* _Aim of the exercise_
Exactly as written, write out the lines below from the first to the one containing "Tirane, jepet me", inclusive. Pictures do not belong in the copy.

(Short web captions)
---

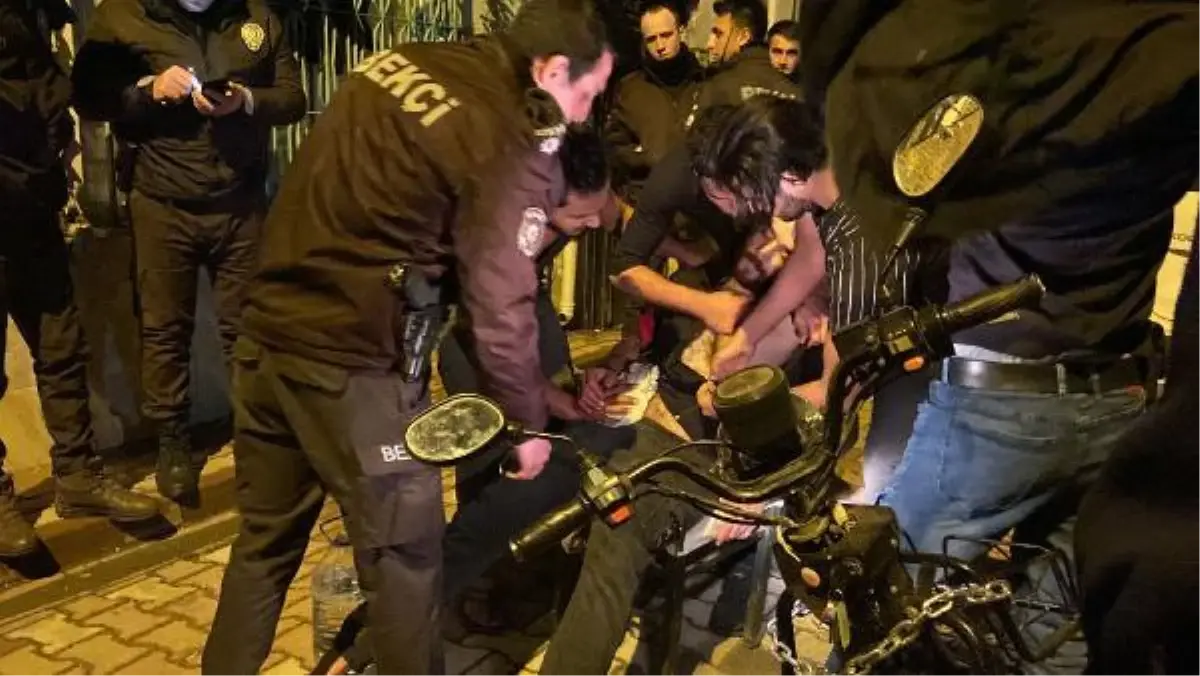 Kavga ettiği kişiyi sokak ortasında karnından bıçaklayan şahıs polislere tepki gösterdi: Beni öldürüyorlardı, kendimi korudum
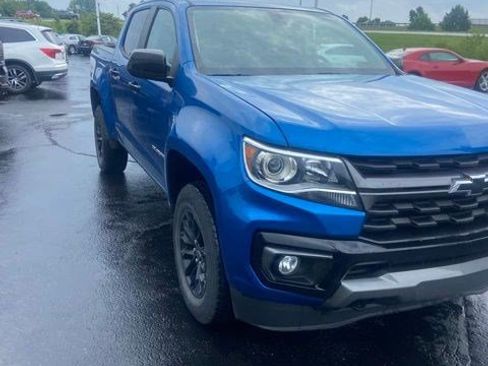 Used 2022 Chevrolet Colorado Z71 AWD/4WD image 3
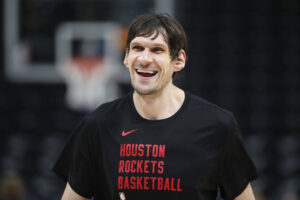 Read more about the article Fan favorite Boban Marjanović reportedly leaving NBA to play in Turkey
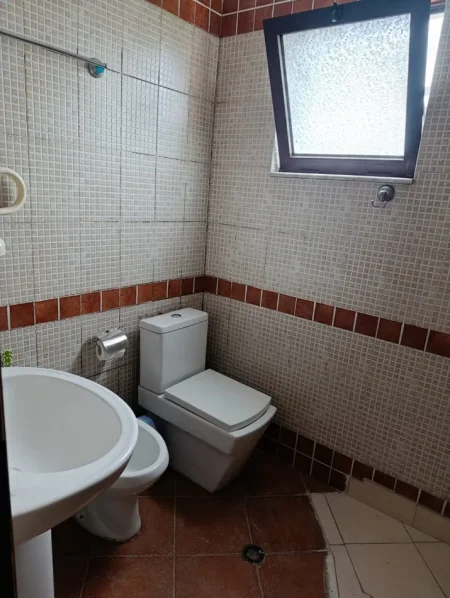 Tirane, jepet me qera apartament 2+1 Kati 2, 75 m² 400 € (QSUT)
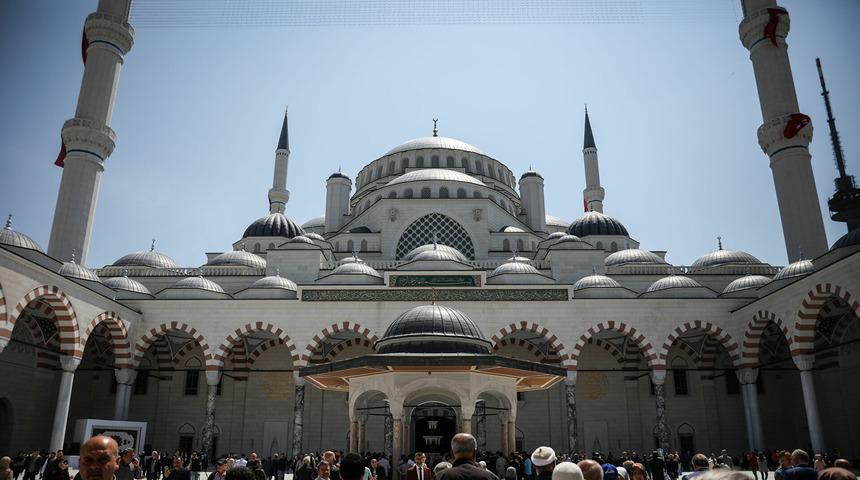 3 Şubat akşam ezanı saat kaçta? Regaip Kandili orucu iftar vakitleri nelerdir? İşte 3 Şubat 2022 akşam namazı İstanbul, Ankara, İzmir! İl il akşam ezanı vakti...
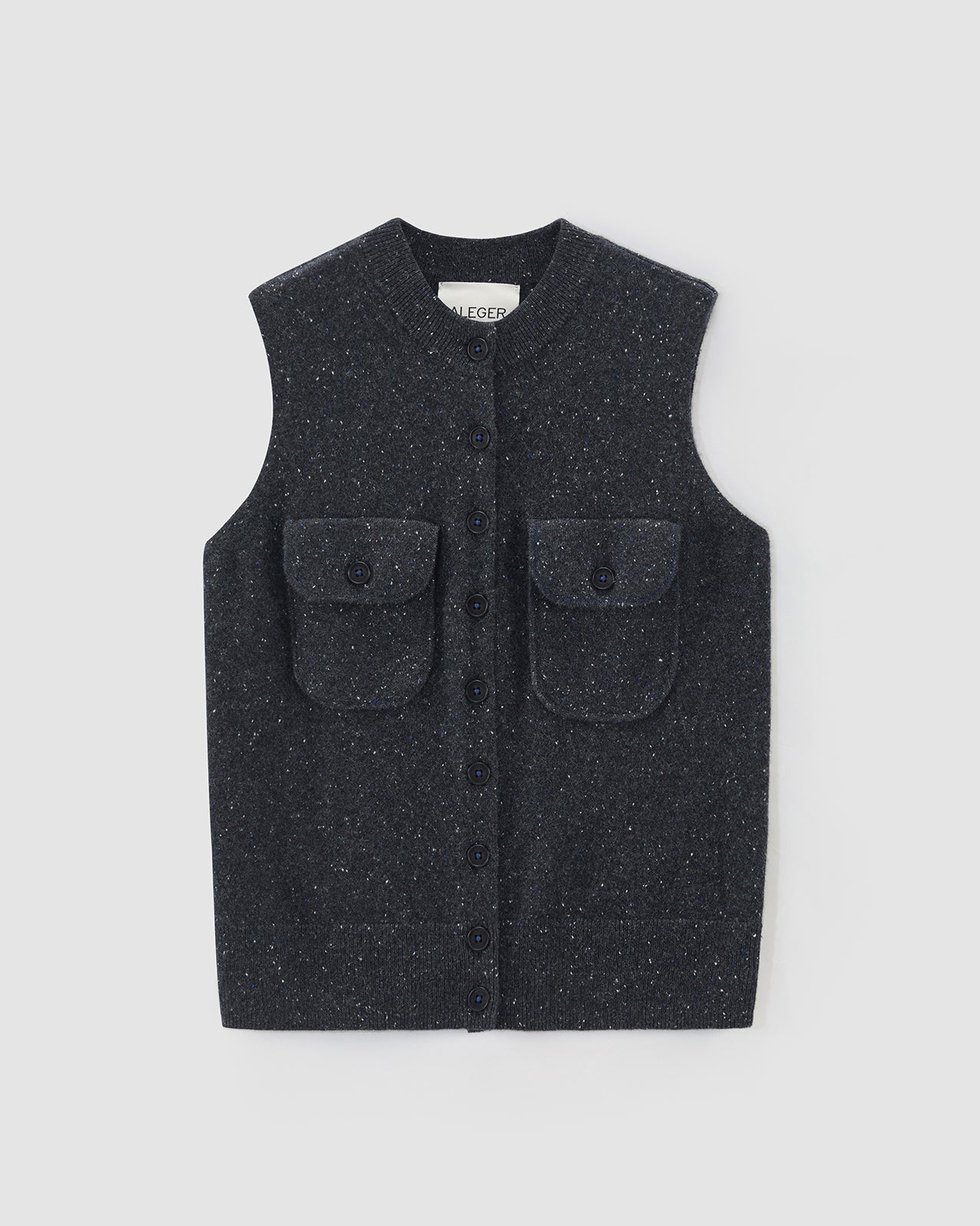 464 THE CASHMERE POCKET BUTTONED VEST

---

* _Result of the task_
 Kavga ettiği kişiyi sokak ortasında karnından bıçaklayan şahıs polislere tepki gösterdi: Beni öldürüyorlardı, kendimi korudum
 Used 2022 Chevrolet Colorado Z71 AWD/4WD image 3
 Read more about the article Fan favorite Boban Marjanović reportedly leaving NBA to play in Turkey
 Tirane, jepet me qera apartament 2+1 Kati 2, 75 m² 400 € (QSUT)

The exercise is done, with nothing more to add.